Negating options
John A Meinel
john at arbash-meinel.com
Mon Feb 6 14:11:29 GMT 2006
Martin Pool wrote:
> On 4 Feb 2006, Denys Duchier <duchier at ps.uni-sb.de> wrote:
>> Aaron Bentley <aaron.bentley at utoronto.ca> writes:
>>
>>> Now that command defaults are on the horizon, (or 'here' in my case)
>>> it's usefult to be able to negate boolean options. I was thinking we
>>> could make '--no' be a special option that would negate the option
>>> following, like:
>>>
>>> $ bzr revert --no reprocess --merge-type weave
>> The GNU convention is that the negation of --foo is --no-foo
>
> Yes, I'd strongly prefer that it be '--no-reprocess' rather than '--no
> reprocess'.
>
> In many other programs, negative options only apply to options without
> arguments that are either present or not. In that pattern, it would not
> make sense to say --no-message. (But then, that does sound like a
> useful option.)
>
> Rather than duplicating the options by hand it might be nice to change
> the Option class to allow inversion systematically. There are a few
> options (as you might say):
>
> [a] allow --no for Options that specifically say they can be inverted
>
> [b] allow --no to be prefixed to just any option, even if it does nothing
>
> [c] allow --no to be prefixed to any boolean option whose default is
> True, or others where it's specifically allowed
>
> One nice thing about [c] is that we can show the --no options in the
> help message for these cases; you could optionally give a different help
> message for the negative case.
I like [c], except I would want it available always to any boolean option.

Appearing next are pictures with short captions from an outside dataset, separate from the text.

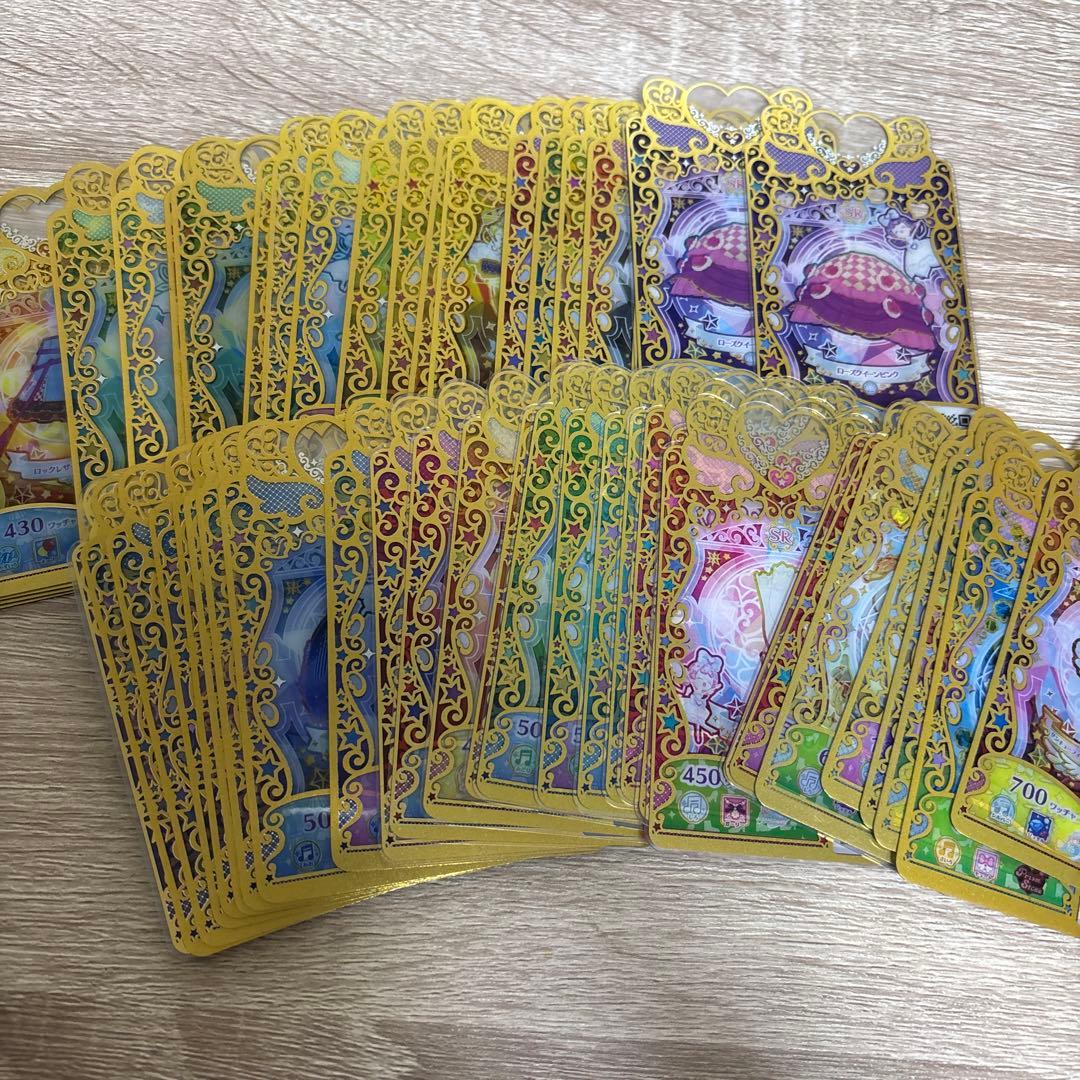 プリマジ まとめ売り 大量 フレンドカード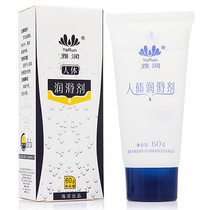 Yerun 60g human body Advanced lubricant Spice Lube House Matter couples flirty supplies Sexual health care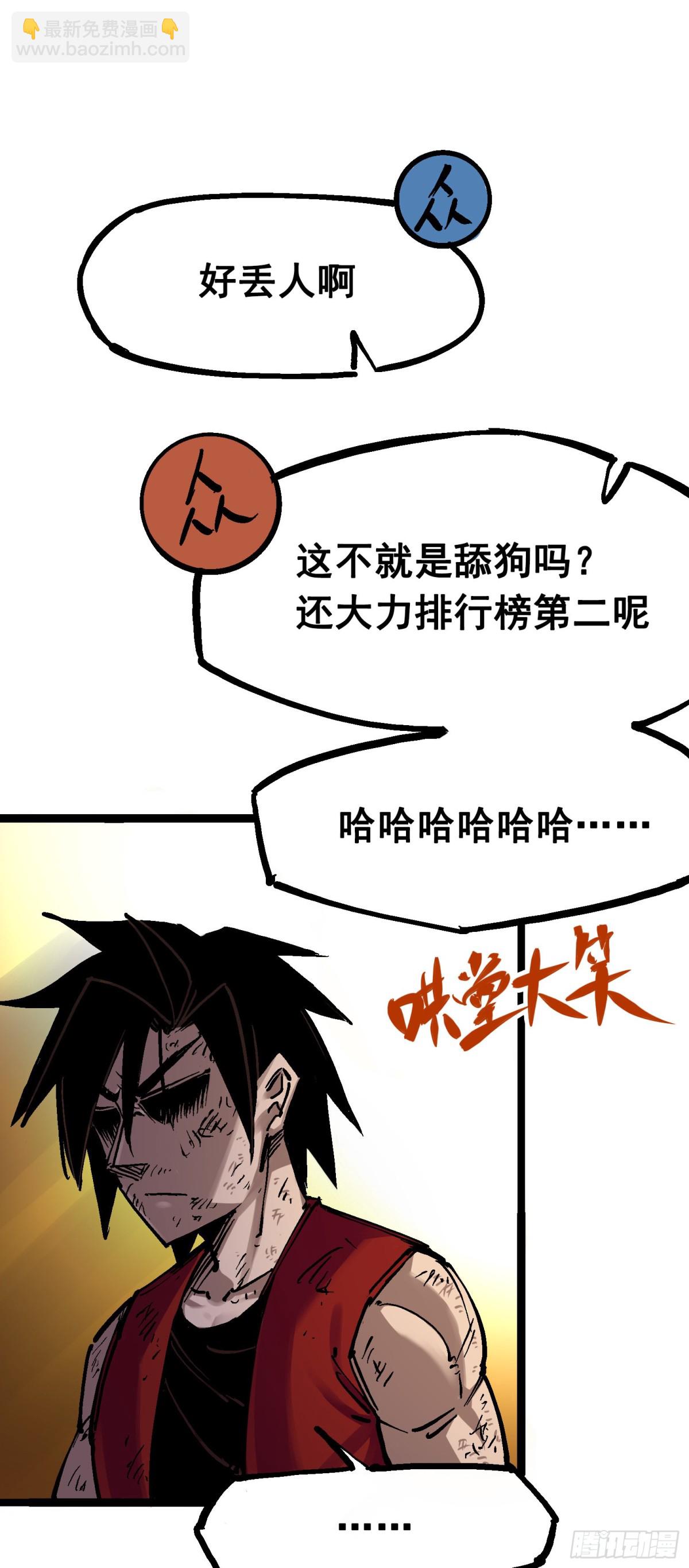 第7章11 是男人就回家再哭-第80话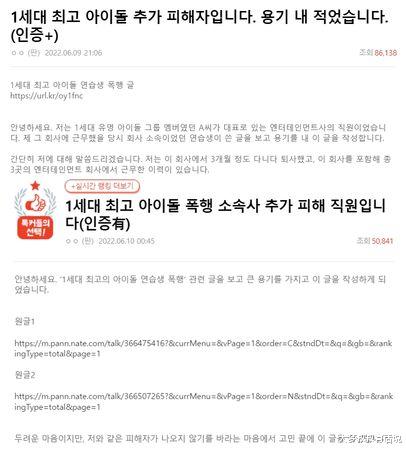 偶像老板再被爆打女职员!“9骇人黑历史”逼说谎丢臭袜,韩网看傻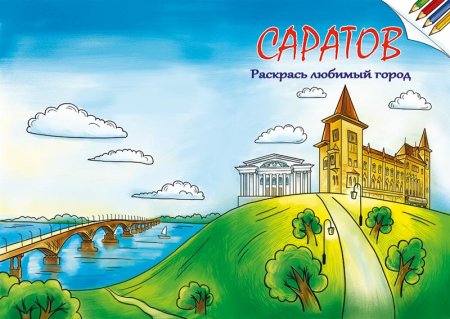 Саратов рисунки детей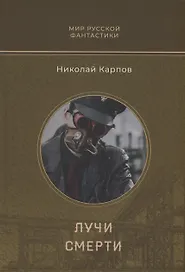 Лучи смерти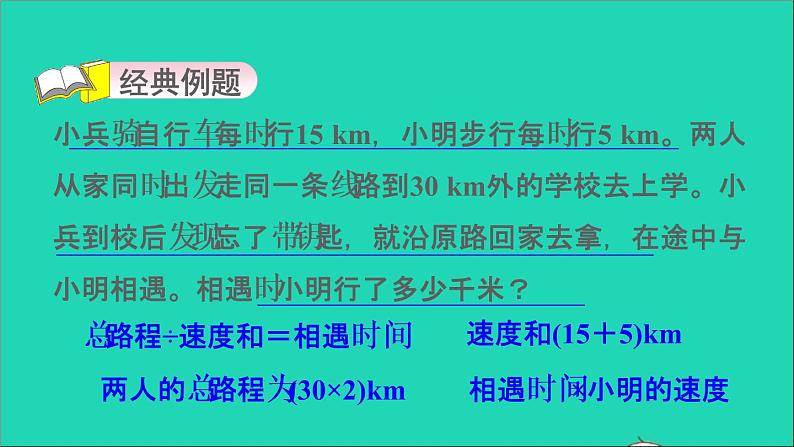 2022六年级数学下册总复习第7招用公式法解典型应用问题课件北师大版03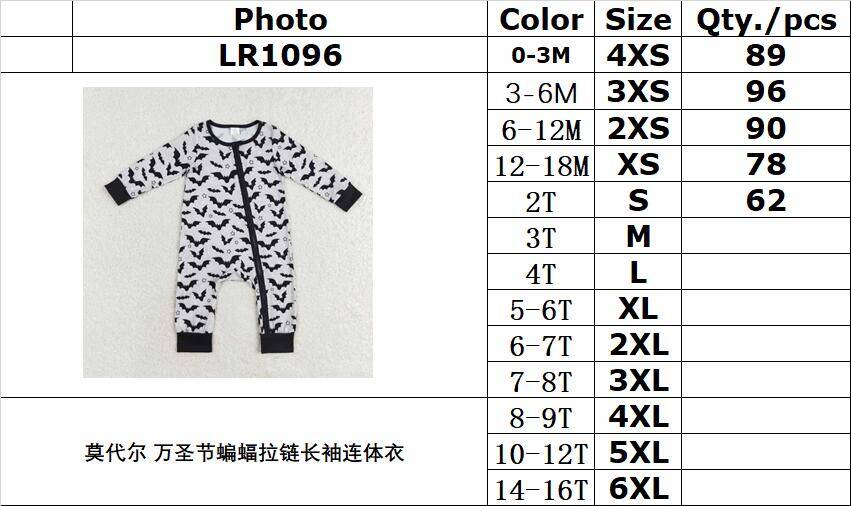 RTS no moq LR1096 Kids boys autumn clothes long sleeve with romper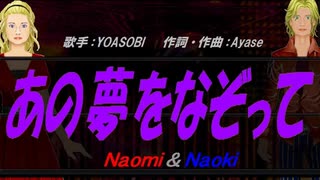 【Naomi＆Naoki】あの夢をなぞって【カバー曲】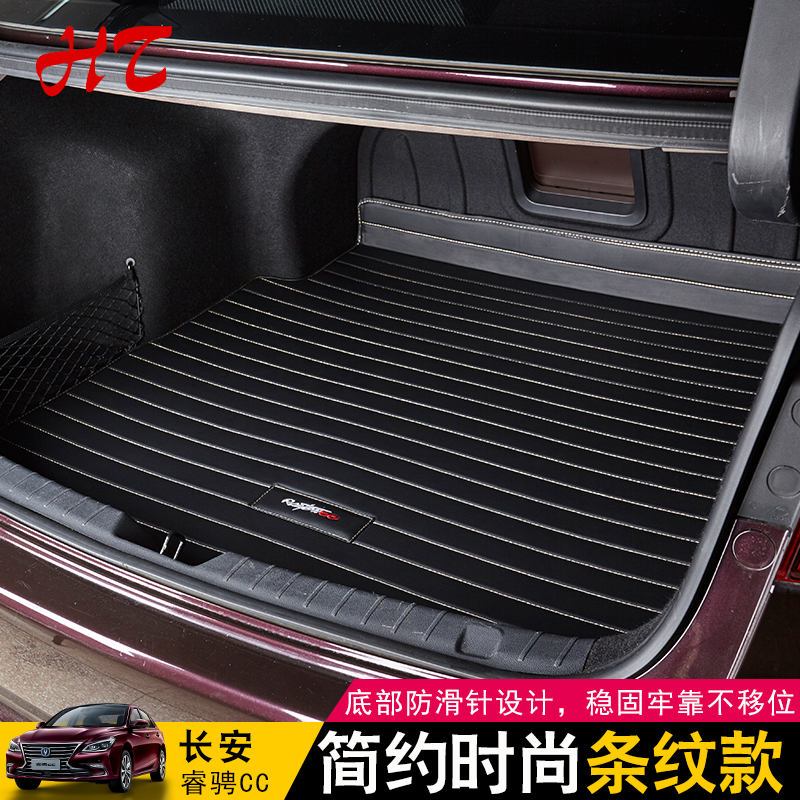 长安睿骋CC专车专用后备箱垫睿骋CC改装专用全包围尾箱垫汽车装饰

Because with default arguments, you might end up with:
[DEFAULT]
commit = --strict
Which turns on always strict. But then you just want to commit this one
time.
bzr commit --no-strict
I really think that all boolean options should allow negation. Simply
because then users can change what they want the *default* behavior to
be, and still override them with command line arguments.
I wrote a configuration and command line parser which hooked into
optparse to allow options to be specified as a config section, as well
as a command line parser. And then it used the resolution of "global
config, local config, command line" to figure out what the actual value was.
It works pretty well, but it is a little involved for bzr. (The backend
was written in C++ (boost regexes), so that I could use it from both
pure C++ apps, and python apps).
Anyway, just to say that it is important that if you are going to have a
boolean flag settable by configuration, you really want a way to
override it. (It also works for command line arguments, because you can
alias rm='rm -i'; and then on the command line use "rm -f" to override).
John
=:->
>
>> Yes. I suggested it too a while ago and I remember pointing out that
>> OptionParser.allow_interspersed_args=false allows us to do option parsing in
>> several phases and thus stack command parsers, but I cannot find that email
>> anywhere in the archive. I wanted this to stack parsers for global options and
>> command-specific options (thus allowing options to be freely mixed on the
>> command line) and I think it was you who pointed out that --no-plugins could not
>> be handled in that fashion and would need to be an exception.
>>
>> Anyway, +1 from me on using optparse, if that counts.
>
> I quite like the way options and arguments are defined on Commands and
> it seemed to me that using optparse would require more complexity than
> just doing this ourselves. But if that's wrong and optparse would
> either simplify the code or enable new features I'm ok to change to it.